- When you file your unemployment claim, it lasts for one benefit year. Your California unemployment benefit year is the 52 weeks that follow the Sunday preceding the day you filed your initial claim. You can go off your unemployment and restart it during your benefit year, picking up exactly where you left off in terms of benefit amount and eligibility. After your benefit year, you must refile your claim, receiving a new eligibility and compensation determination.
- During your benefit year, the California Employment Development Department assigns you a maximum benefit amount (MBA), which is the total amount of compensation you can collect. If you reach your MBA, your claim ends until the benefit year is over and you can refile it. California MBA is equal to half of your insured wages earned during your base period. Insured wages come from work insured under the state’s unemployment insurance laws. Your base period is the first four of the last five full calendar quarters before you filed for benefits.
- California unemployment insurance law limits the amount you can collect per benefit year. This ensures that the money in the unemployment insurance trust fund is enough to go around and prevents claimants from making unemployment their only source of income each year. As of September 2011, you can’t collect more than 26 times your weekly benefit amount in California per benefit year.
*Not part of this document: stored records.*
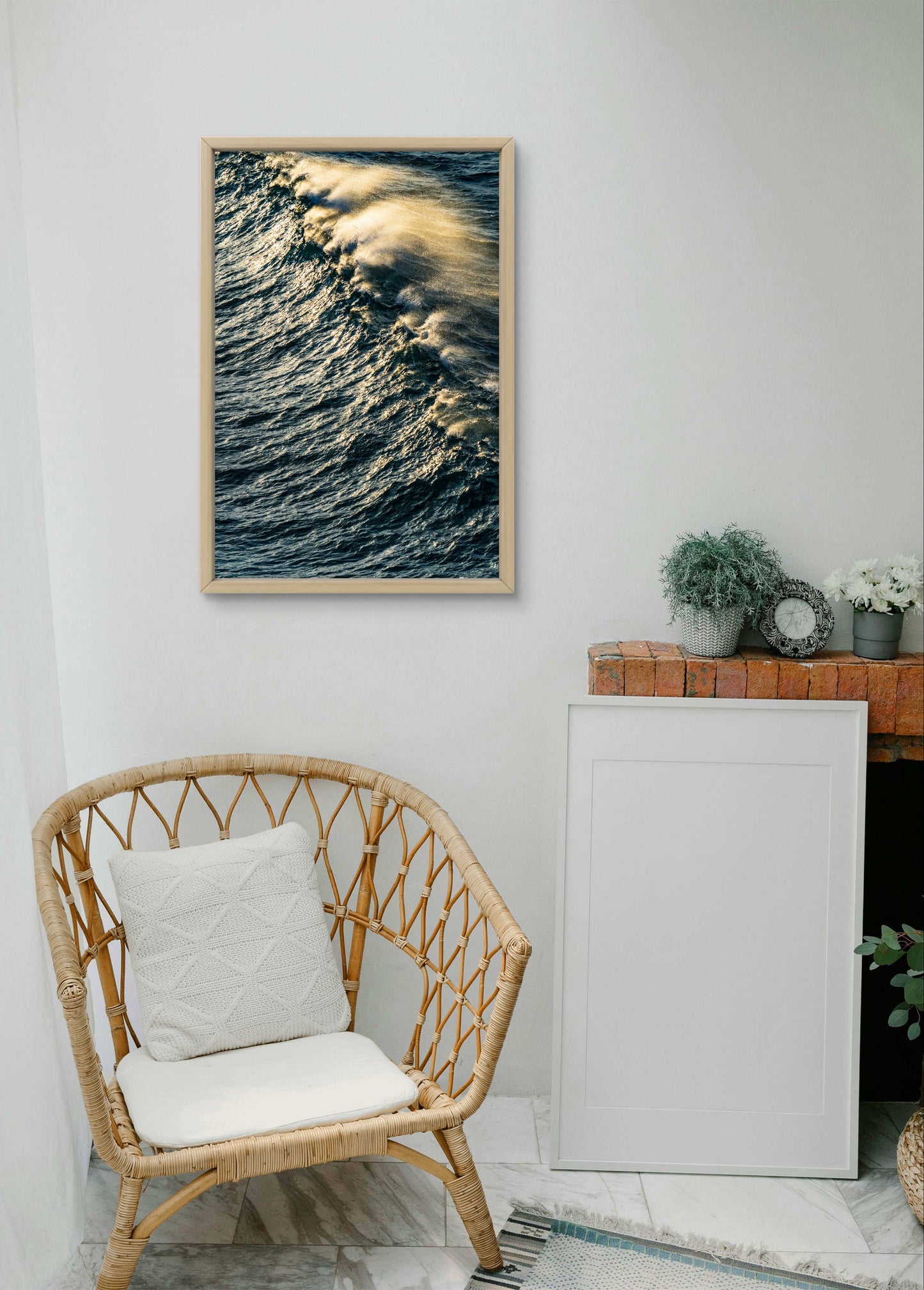 The drowned sun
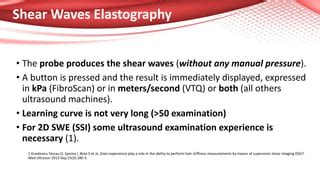 Wfumb Slideseries Liver Elastography Ppt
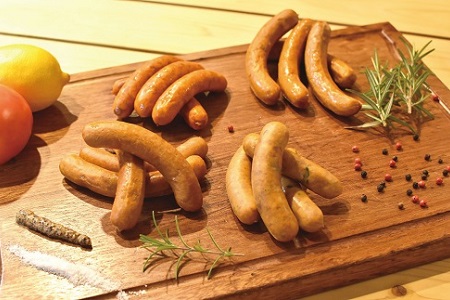 【京丹波高原豚】 ウインナーセット  [010TN010]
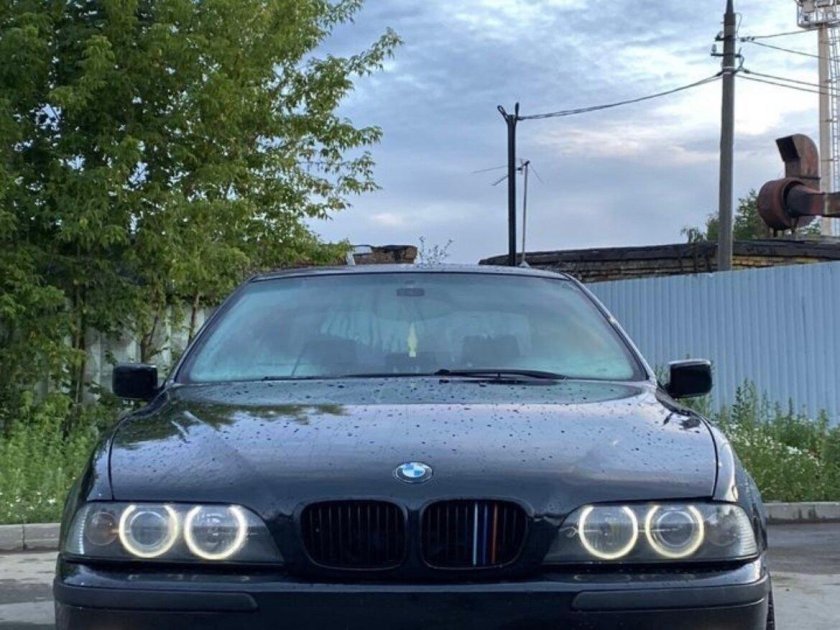 BMW 5 е39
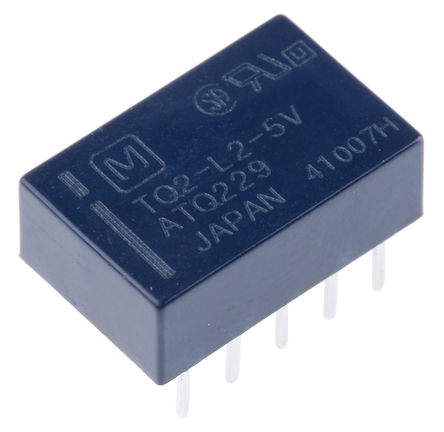 Panasonic - TQ2-L2-5V - Panasonic ppS PCB l^ TQ2-L2-5V, 5V dc		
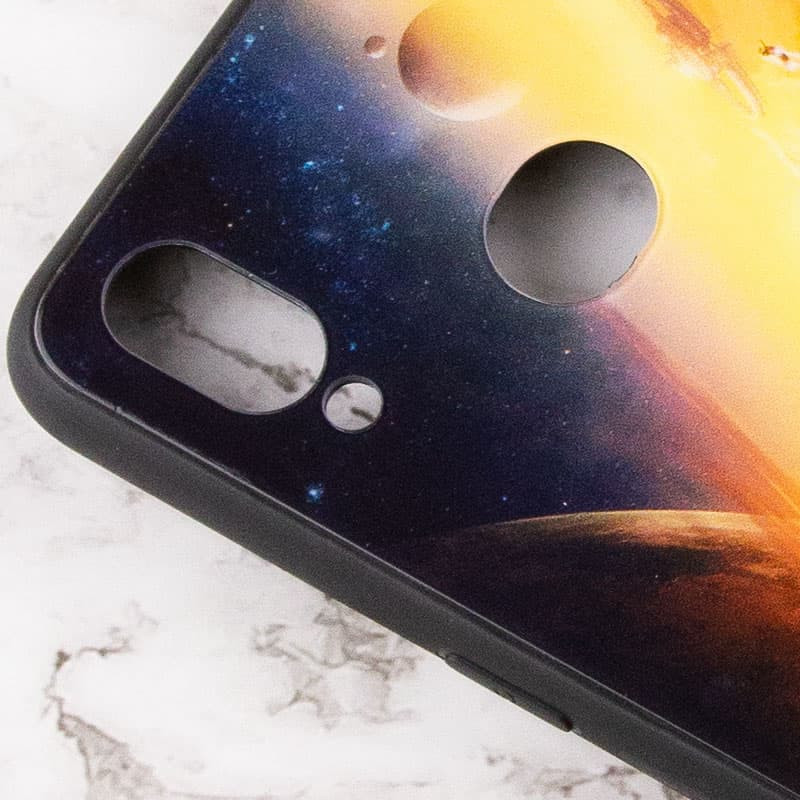 TPU+Glass чехол Diversity для Samsung Galaxy A10s (Above the clouds) в магазине vchehle.ua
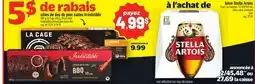 Metro 5$ DE RABAIS CÔTES DE DOS DE PORC CUITES IRRÉSISTIBLE | IRRÉSISTIBLE COOKED PORK BACK RIBS offer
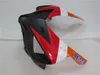 Injektionsgjutning Gratis Anpassa Fairing Kit för Honda CBR1000RR 04 05 Orange Svart Fairings Set CBR1000RR 2004 2005 OT14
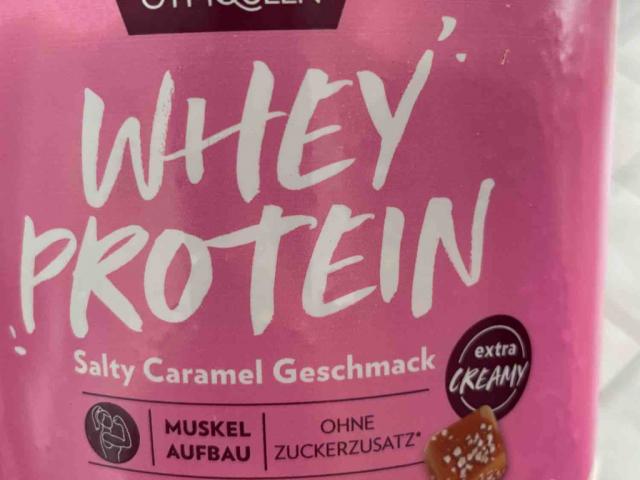 Gymqueen Whey Salty Caramel von Hely25 | Hochgeladen von: Hely25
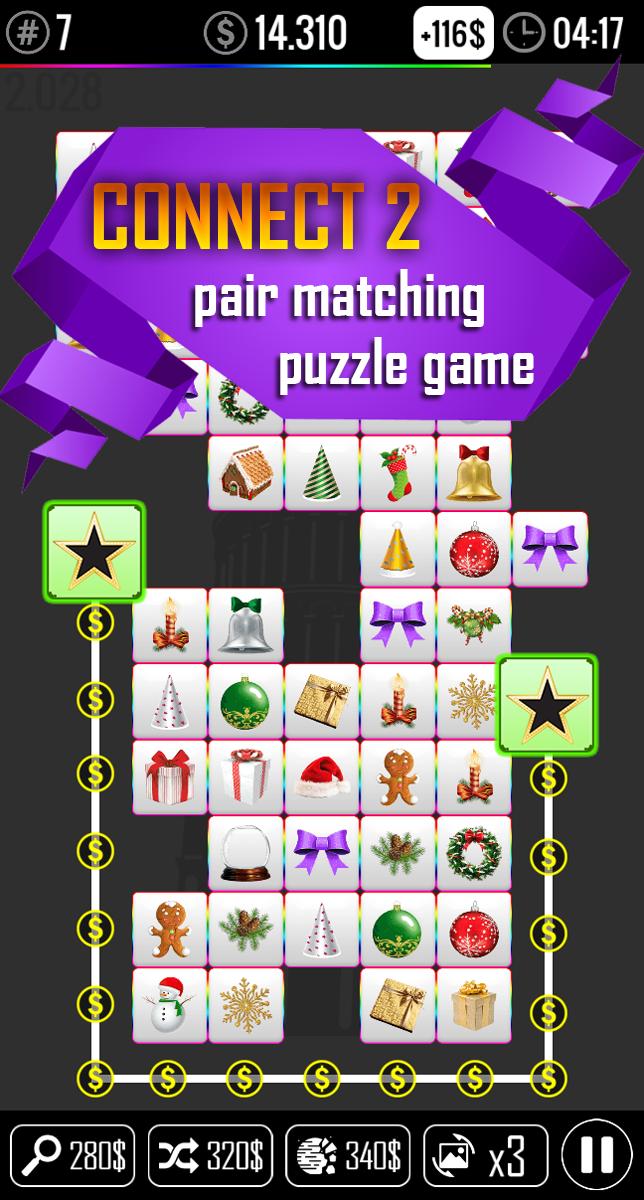 Connect 2 Pair Matching Puzzle 1.0.6 Screenshot 1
- In 2008, Congress passed legislation that offered federally funded unemployment extensions to long-term unemployed claimants. There are four tiers, with the first two tiers available in all states and the last two only available in states with excessively high total unemployment rates. To participate in each level you must exhaust previous levels of benefits by Jan. 3, 2012. These extensions are separate from your California unemployment and only occur when you’ve maxed out your regular state benefits.